PROBLEM REQUIREMENTS: Transcribe all records exactly; omit pictures.

Stored dataset items
--------
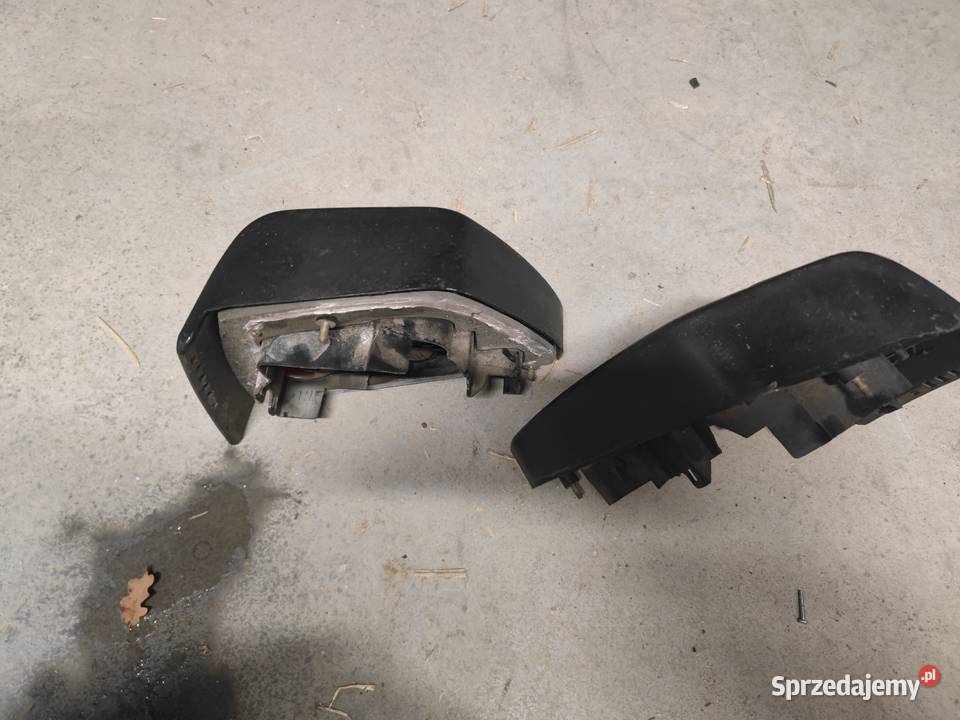 Lampy tylnie Golf 2 Knurów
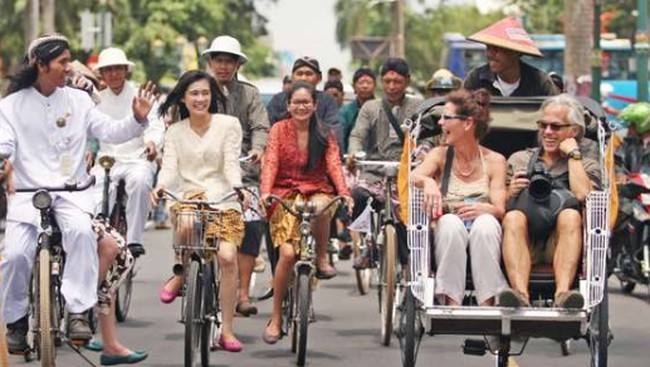 Countries Whose Citizens Travel Abroad Most Often: Where Does Indonesia Rank?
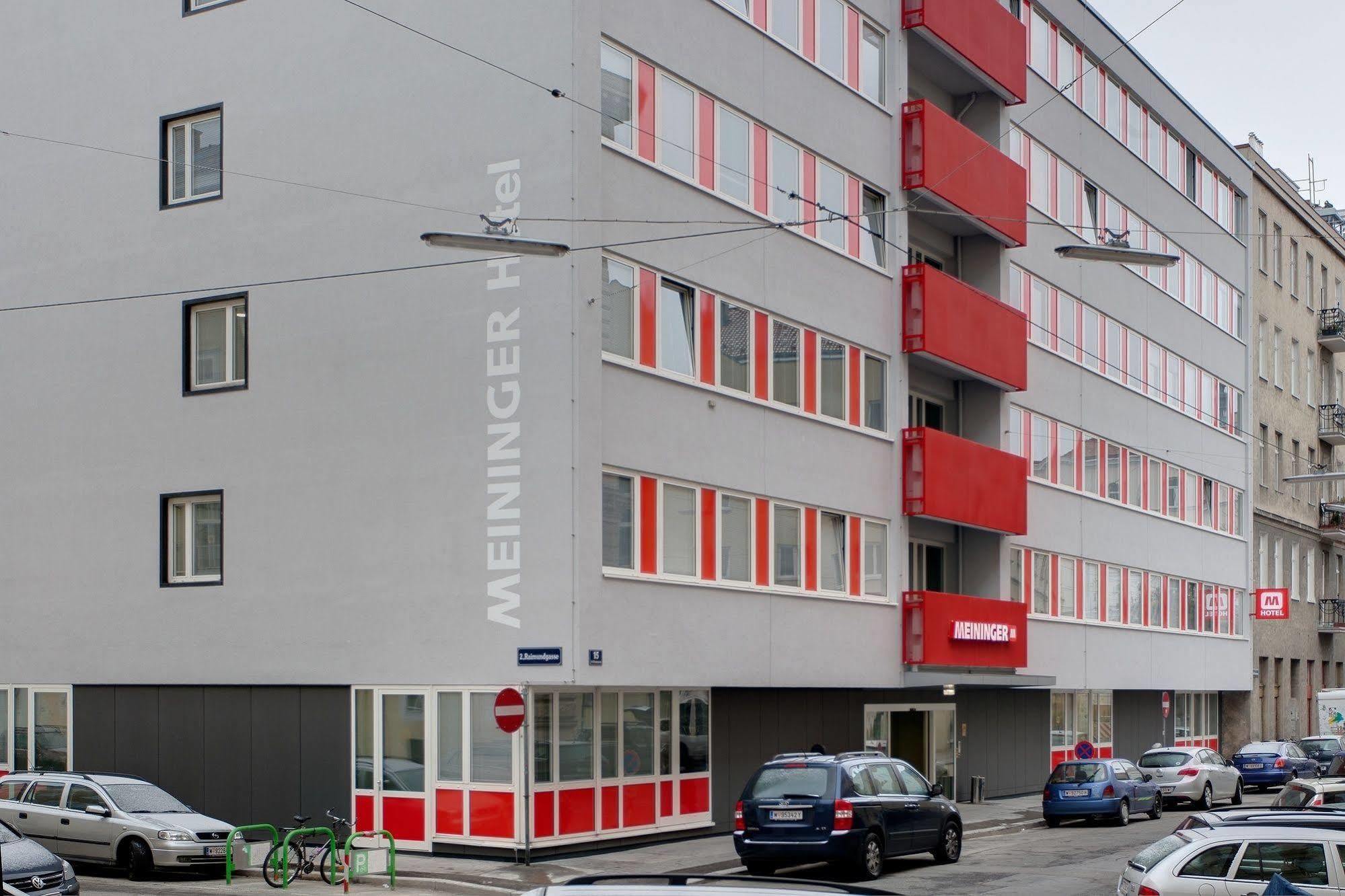 Hotel Meininger Downtown Sissi Vienna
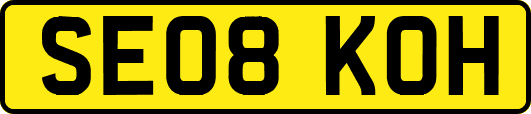 SE08KOH
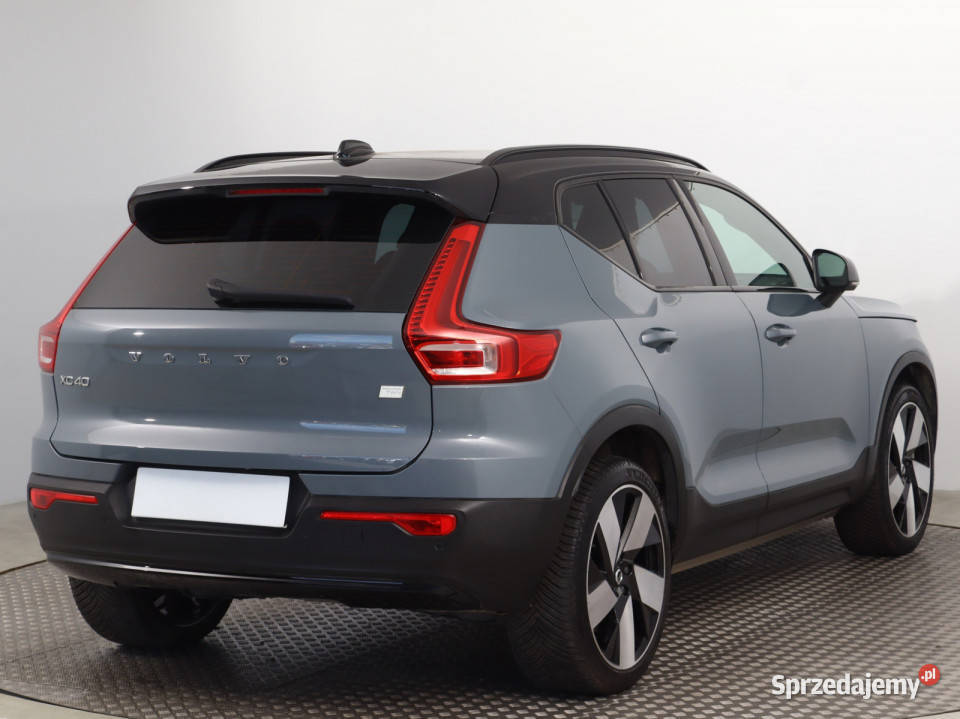 Volvo XC40 Recharge Twin Motor automatyczna XC 40 dolnośląskie Bielany Wrocławskie
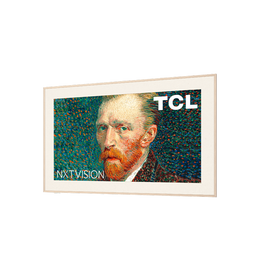 Class NXTVISION 4K QLED Smart TV with Google TV and Flush Wall Mount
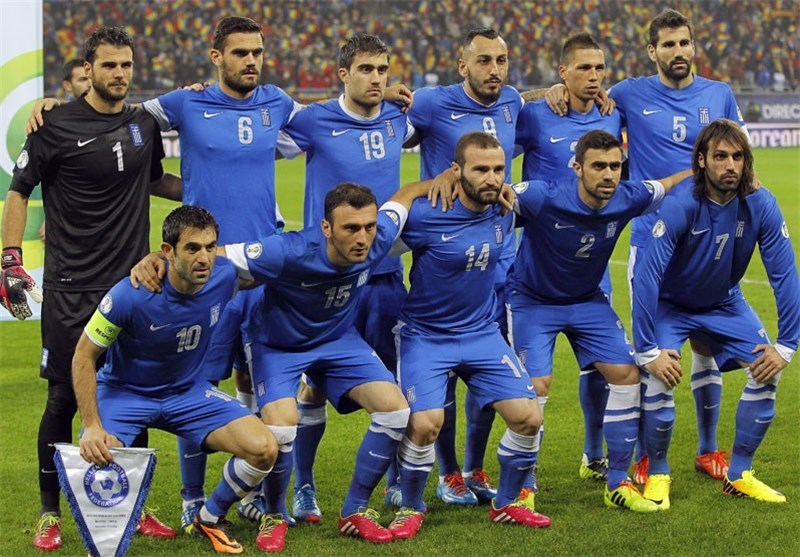 بازی ایران - یونان لغو شد!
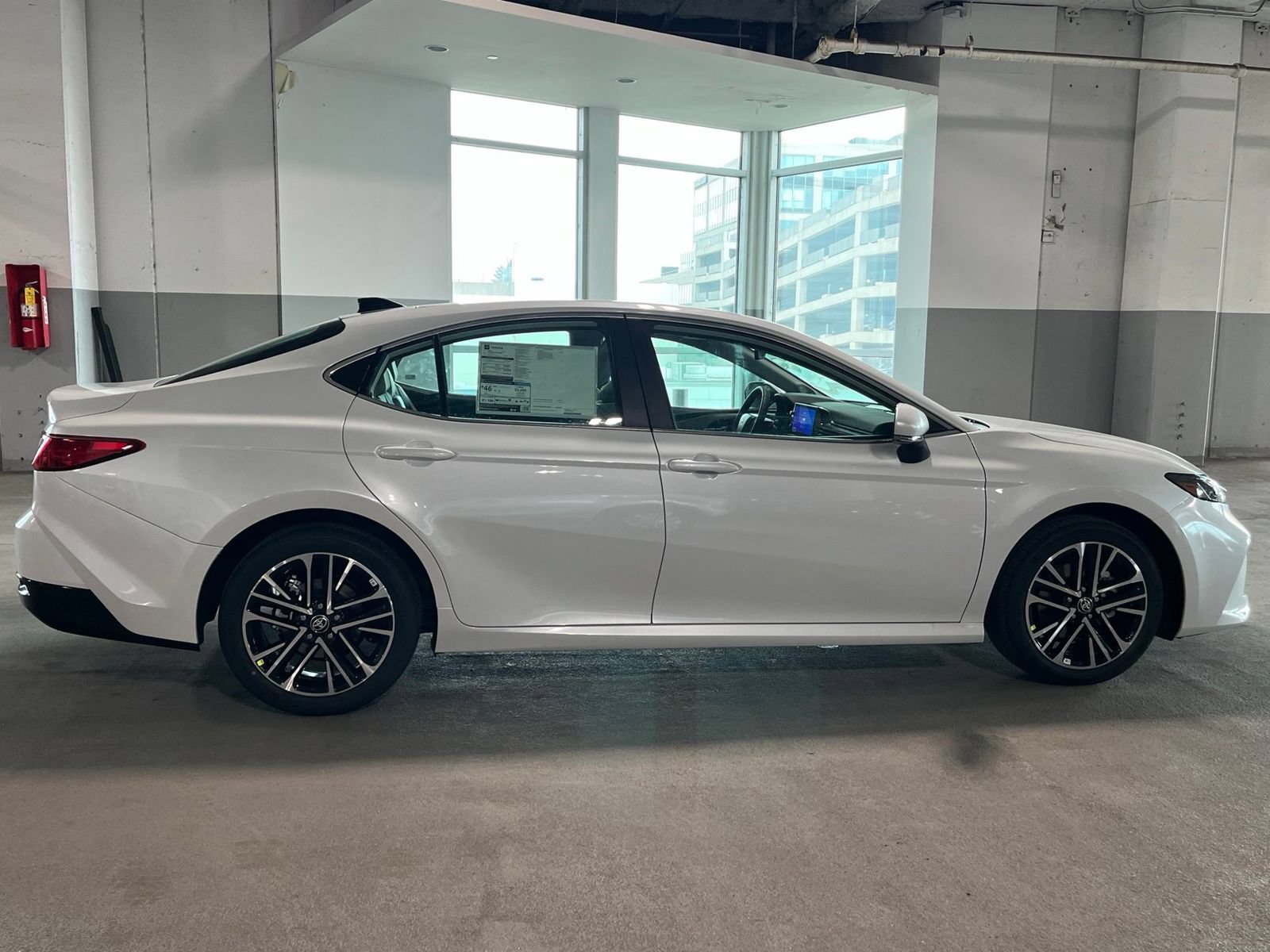 New 2026 Toyota Camry XLE w/ Premium Package AWD/4WD image 11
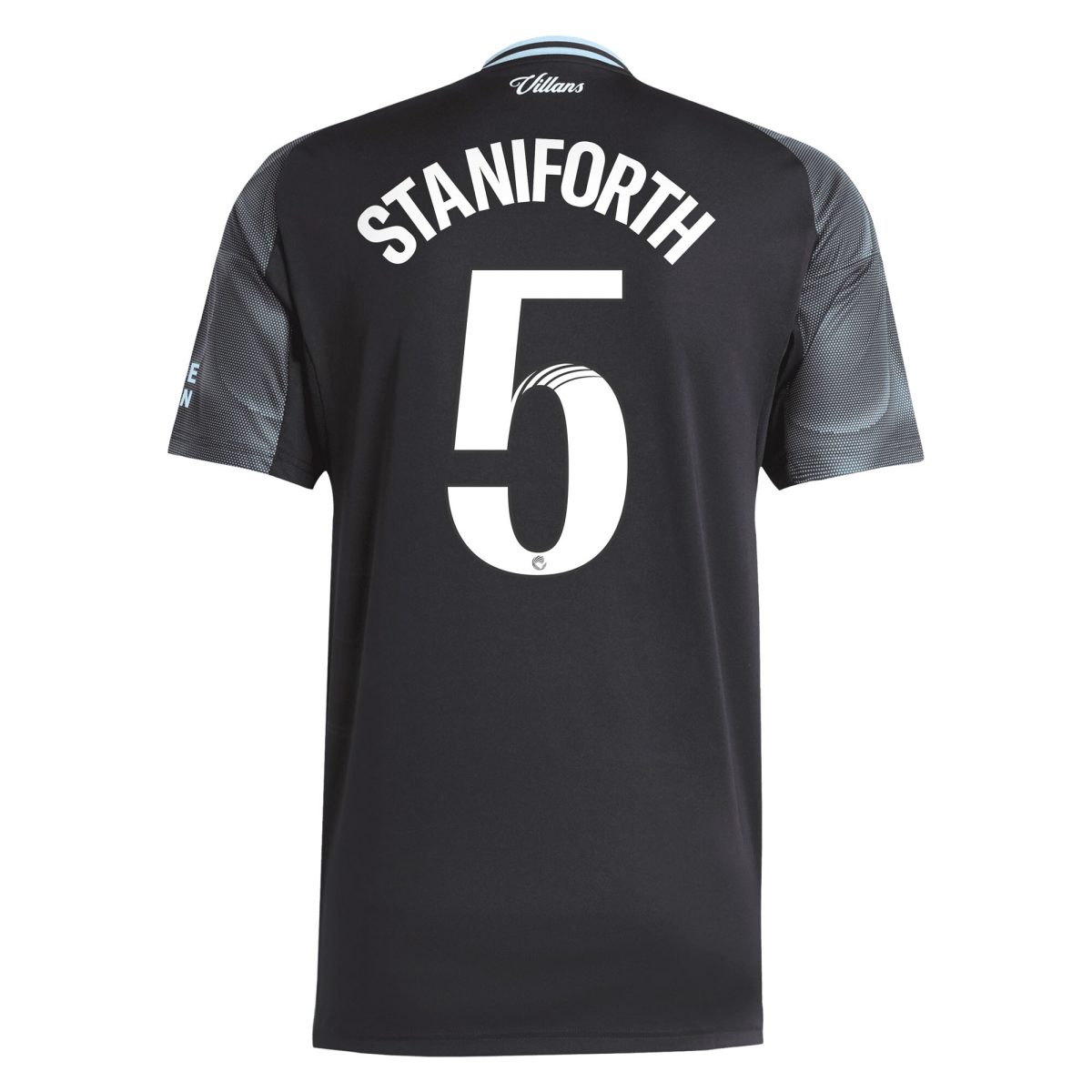 aston villa adidas wsl away shirt 2025-26 with staniforth 5 printing Collection | Official Aston Villa Jerseys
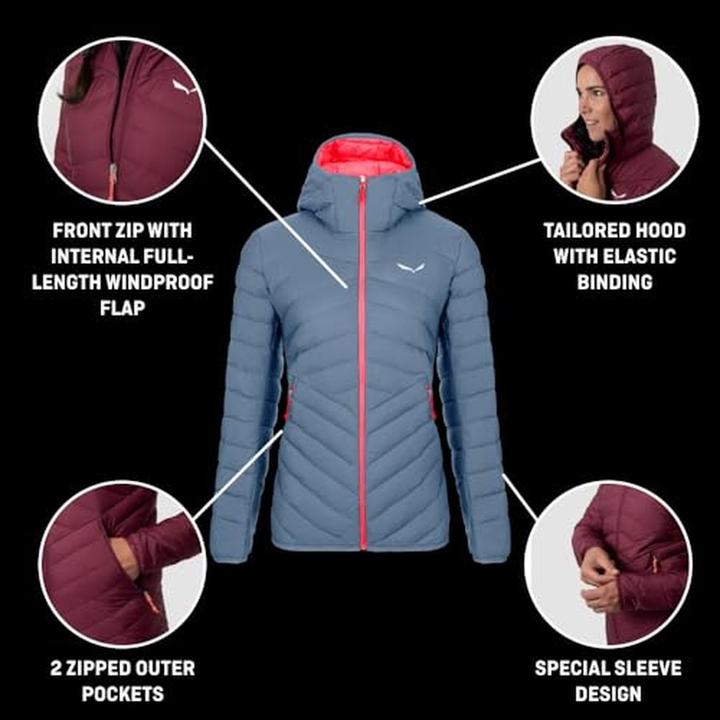 Produktbild Salewa Brenta RDS Daunenjacke (XL)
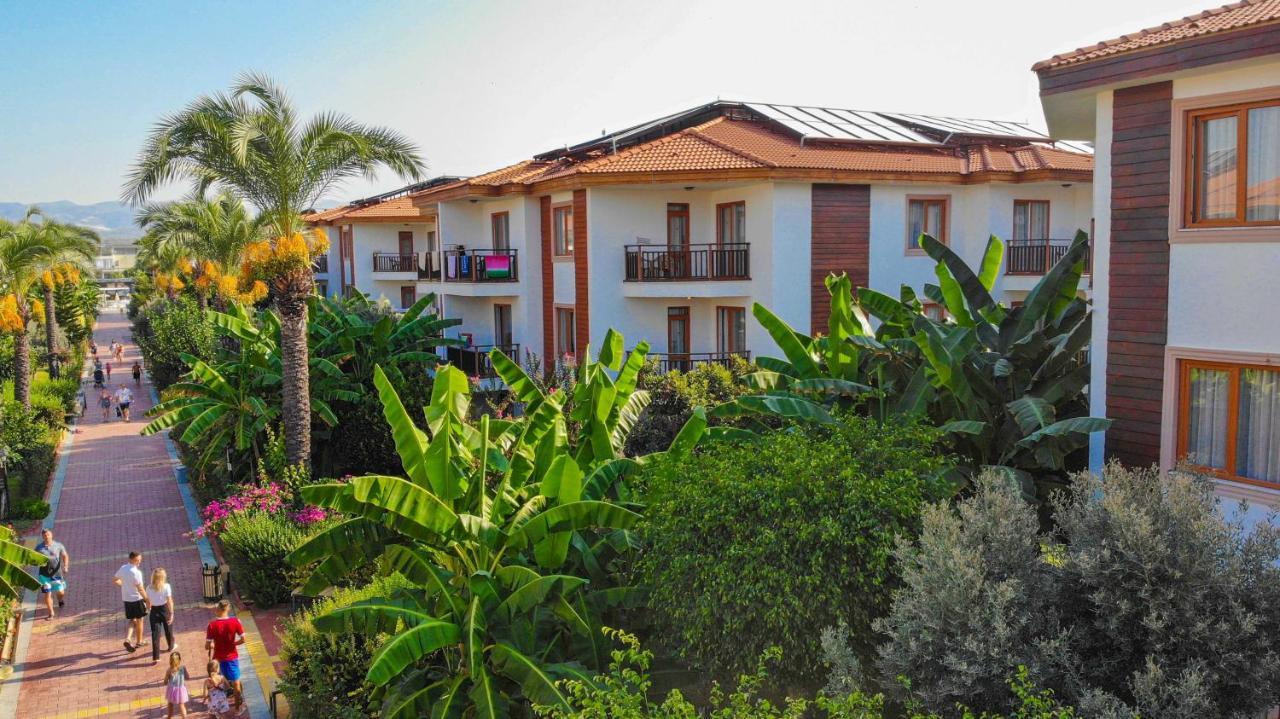 Eftalia Holiday Village Konaklı Eksteriør bilde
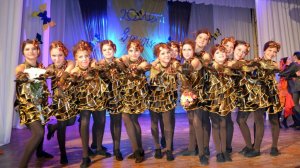 Отчетный концерт 2013 г. - 2 часть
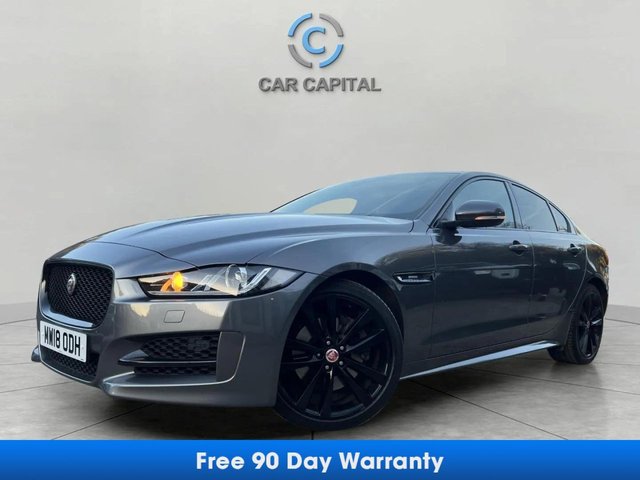 2018 Jaguar XE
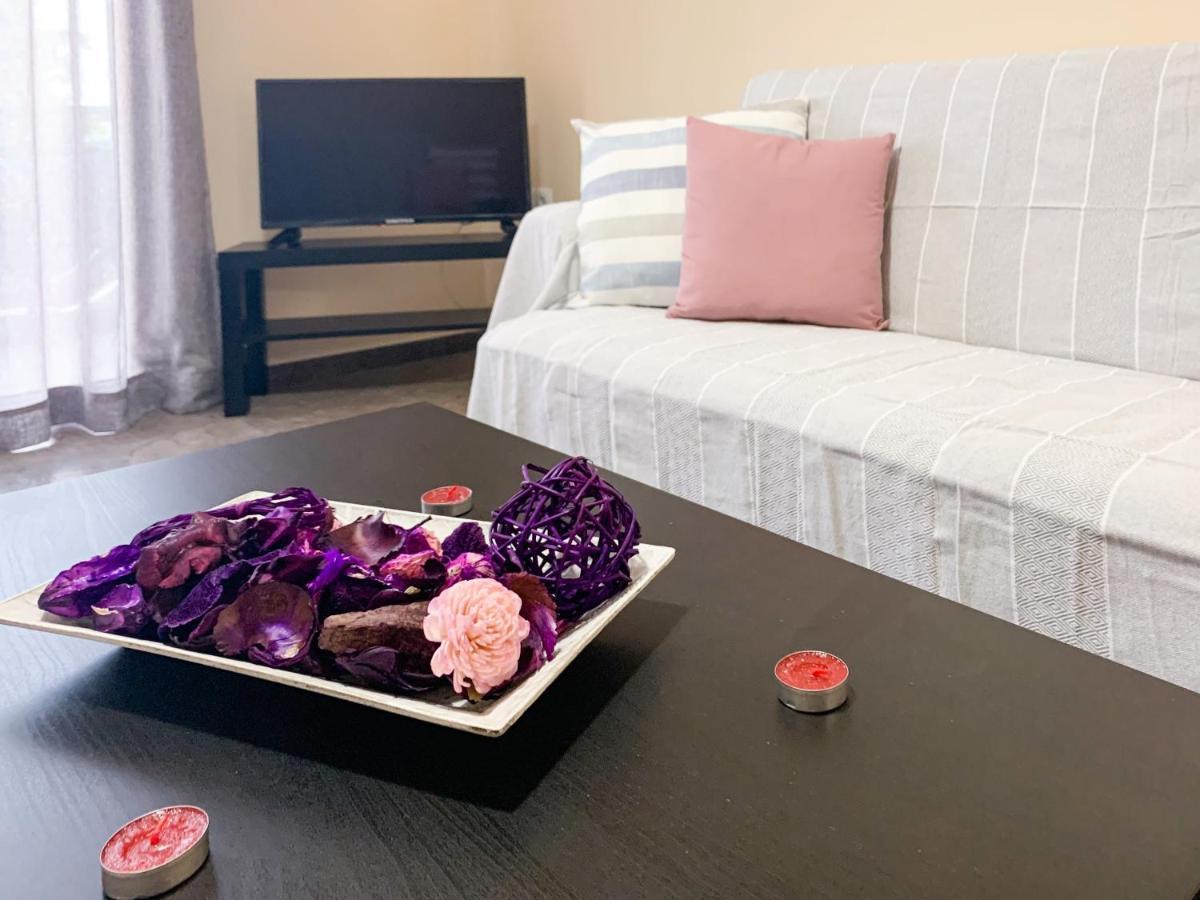 Nyx Apartments Epidaurus Dış mekan fotoğraf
--------
RESPONSE TO THE TASK:
 Lampy tylnie Golf 2 Knurów
 Countries Whose Citizens Travel Abroad Most Often: Where Does Indonesia Rank?
 Hotel Meininger Downtown Sissi Vienna
 SE08KOH
 Volvo XC40 Recharge Twin Motor automatyczna XC 40 dolnośląskie Bielany Wrocławskie
 Class NXTVISION 4K QLED Smart TV with Google TV and Flush Wall Mount
 بازی ایران - یونان لغو شد!
 New 2026 Toyota Camry XLE w/ Premium Package AWD/4WD image 11
 aston villa adidas wsl away shirt 2025-26 with staniforth 5 printing Collection | Official Aston Villa Jerseys
 Produktbild Salewa Brenta RDS Daunenjacke (XL)
 Eftalia Holiday Village Konaklı Eksteriør bilde
 Отчетный концерт 2013 г. - 2 часть
 2018 Jaguar XE
 Nyx Apartments Epidaurus Dış mekan fotoğraf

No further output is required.